● **EXERCISE OBJECTIVE**:
Line by line, repeat the material below exactly and leave the images out.

● **DATA BELOW**:
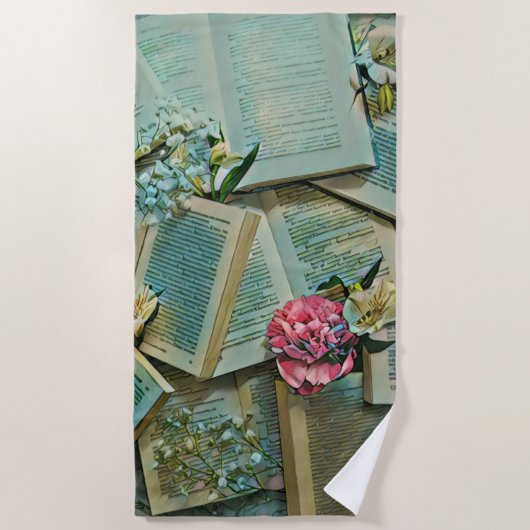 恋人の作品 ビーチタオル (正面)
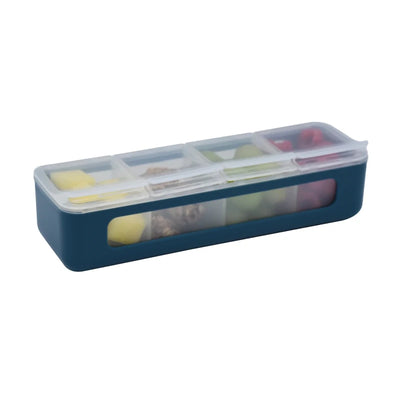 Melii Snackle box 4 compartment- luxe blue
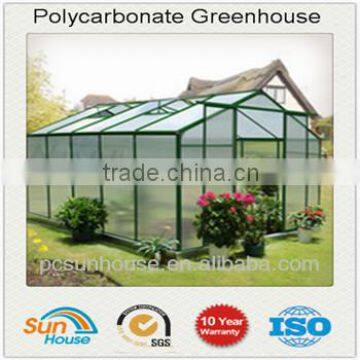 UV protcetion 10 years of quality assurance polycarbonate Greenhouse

● **RESULT**:
 恋人の作品 ビーチタオル (正面)
 Melii Snackle box 4 compartment- luxe blue
 UV protcetion 10 years of quality assurance polycarbonate Greenhouse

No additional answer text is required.